» EXERCISE AIM
What you return must be the data below, word for word, without any images.

- - - - - - -

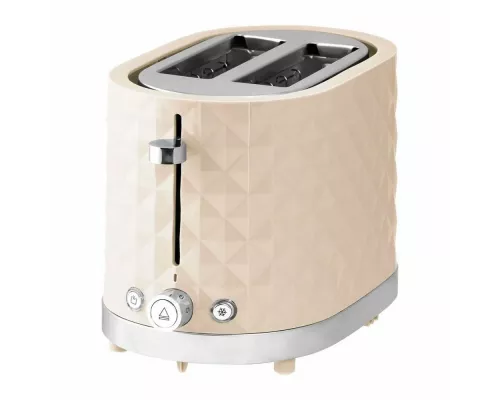 Тостер GALAXY LINE GL 2912 бежевый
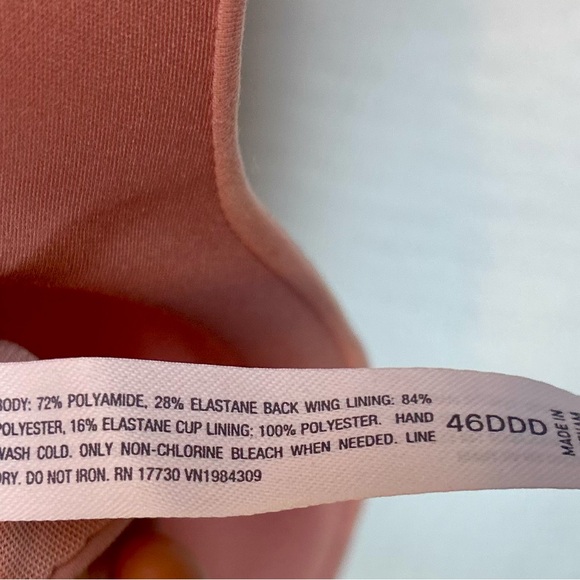 NWT Auden 46DDD Underwire Balconette Bra - Picture 7 of 9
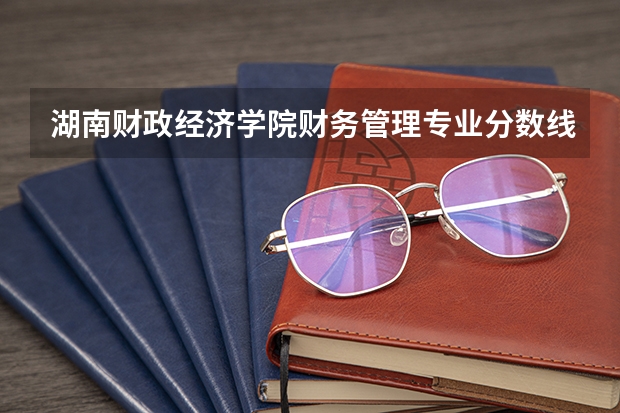 湖南财政经济学院财务管理专业分数线是多少(近三年分数线一览)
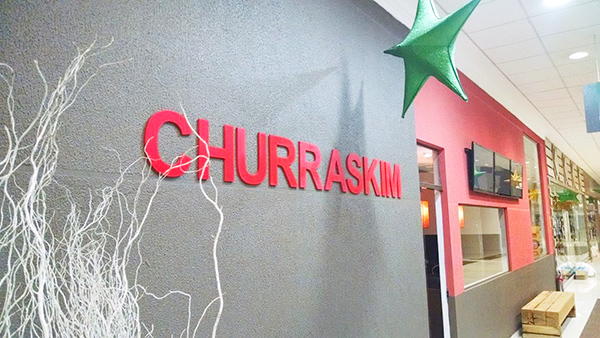 Hall de entrada do restaurante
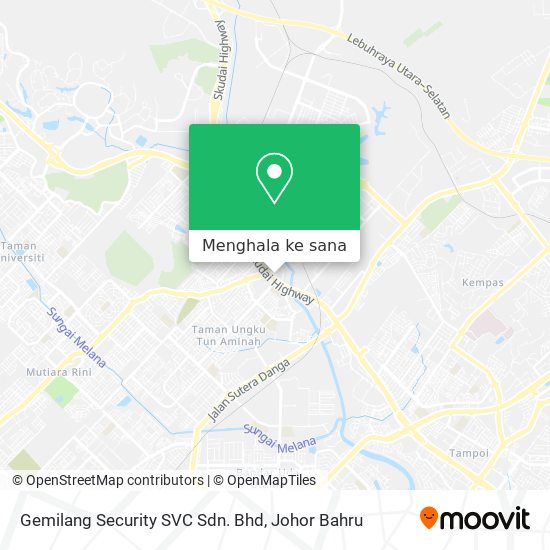 Peta Gemilang Security SVC Sdn. Bhd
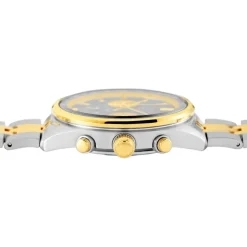 Montre Sport Bicolore Doré / Noir-SEIKO Outlet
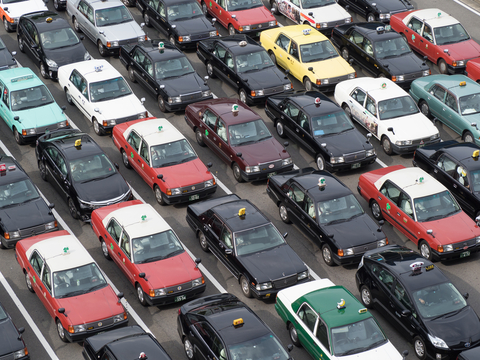 配車・需要予測にAIを活用。ソニーとタクシー会社が手を組んだ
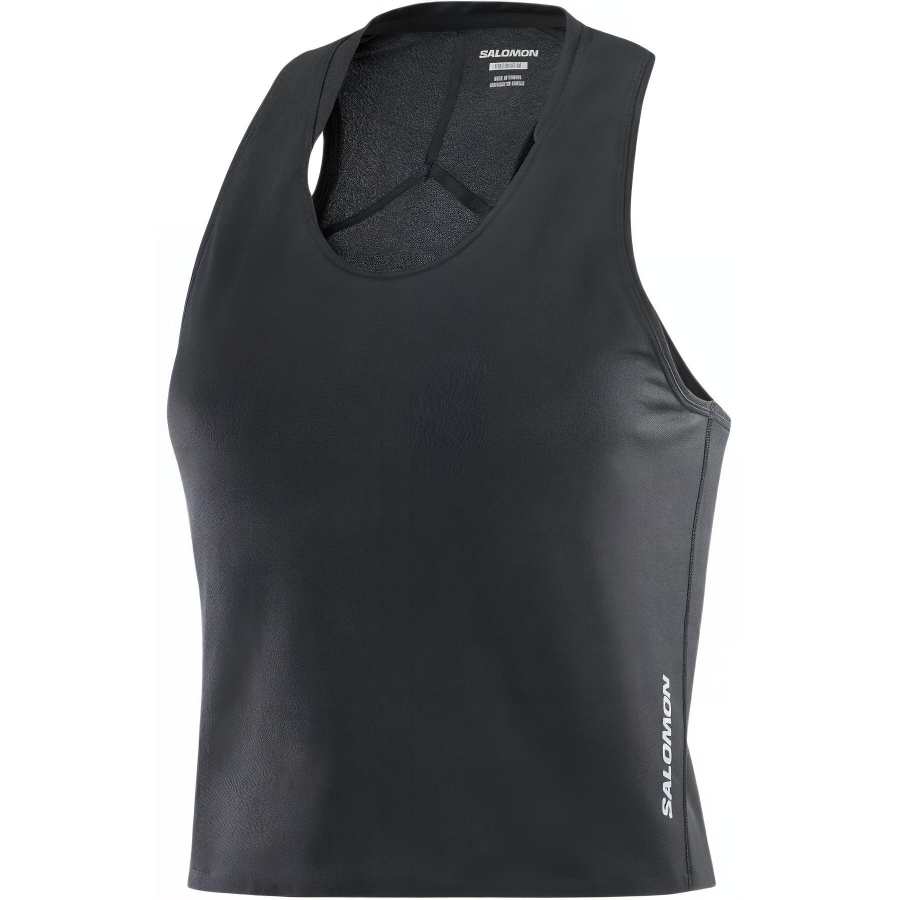 SALOMON Tank Tops Women's Black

- - - - - - -

» EXPECTED OUTPUT
 Тостер GALAXY LINE GL 2912 бежевый
 NWT Auden 46DDD Underwire Balconette Bra - Picture 7 of 9
 湖南财政经济学院财务管理专业分数线是多少(近三年分数线一览)
 Hall de entrada do restaurante
 Peta Gemilang Security SVC Sdn. Bhd
 Montre Sport Bicolore Doré / Noir-SEIKO Outlet
 配車・需要予測にAIを活用。ソニーとタクシー会社が手を組んだ
 SALOMON Tank Tops Women's Black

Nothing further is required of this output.